Early loan repayment puts Ireland in stronger financial position for the future – Donohoe

27th November, 2017

Minister for Finance and Public Expenditure & Reform, Paschal Donohoe, T.D., has this evening (Monday) welcomed decisions taken earlier today by the European Commission and the European Financial Stability Facility (EFSF) to approve Ireland’s request for waivers from the proportionate early repayment clauses in Ireland’s European Financial Stabilisation Mechanism (EFSM) and EFSF loan agreements. This will allow Ireland to repay in full programme related loans from the IMF, Sweden and Denmark and marks a very considerable landmark. 

Speaking following today’s events, Minister Donohoe said: “The interest savings to the Exchequer from these early repayments are estimated to be of the order of €150m over the remaining life of the loans. This puts Ireland in a strong financial position for the future and ensures we are making further sustainable progress in reducing our national debt.

Actions taken in recent years, and the sacrifices made by our citizens, have laid the foundations for a solid and sustained economic recovery in Ireland – Ireland continues to be the fastest growing economy in the Euro Area and our sovereign funding position is comfortable. 

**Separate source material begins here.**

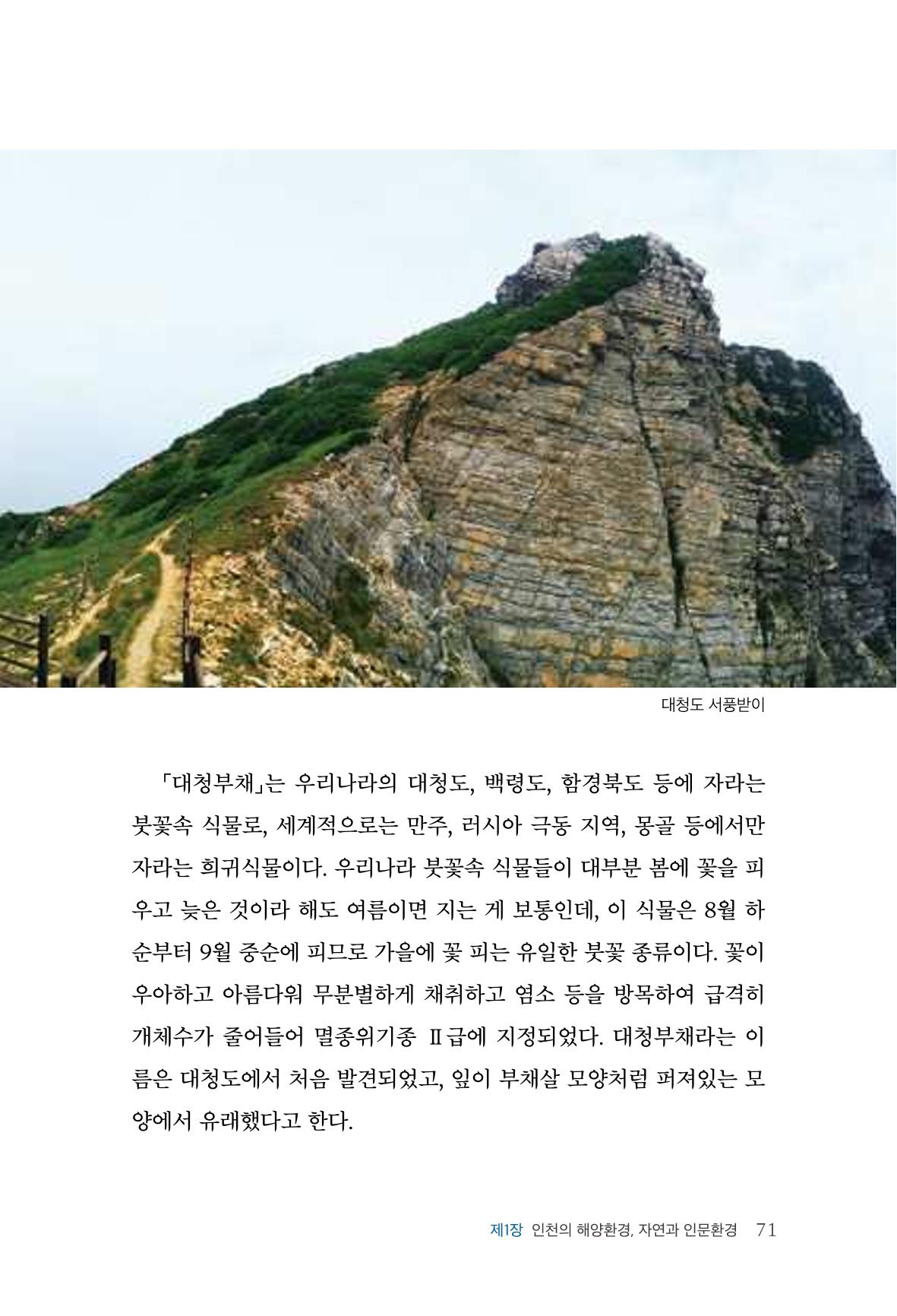 인천시청 인천광역시사 제15호 72페이지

Ireland greatly appreciates the support and assistance from the IMF and our European partners, which was provided at a time of great uncertainty and played a part in getting us on the path to recovery. As our country continues to recover we will keep making decisions that are in the best interest of our country, our future prosperity and, most importantly, our people.”



Notes to editors 

  • Early repayment of the loans requires agreement from the remaining Programme lenders – the European Financial Stabilisation Mechanism (EFSM), the European Financial Stability Facility (EFSF) and the UK – to waive the proportionate early repayment clauses in their respective loan agreements. Minister Donohoe has already received the required waiver from the UK Chancellor, Mr Philip Hammond.  
  • On receipt of the formal EFSM waiver from the European Commission and the EFSF waiver from the EFSF, the NTMA will now initiate the formal process of making the repayments on Ireland’s behalf.
  • Ireland’s outstanding programme related IMF debt (circa €4.5bn), and the bilateral loans from both Sweden, (€0.6bn), and Denmark, (€0.4bn), a total of circa €5.5bn has the potential to generate considerable interest savings and further improve Ireland’s debt sustainability, provide liquidity benefits and increase the ECB’s purchase capacity for Irish government bonds in its quantitative easing programme.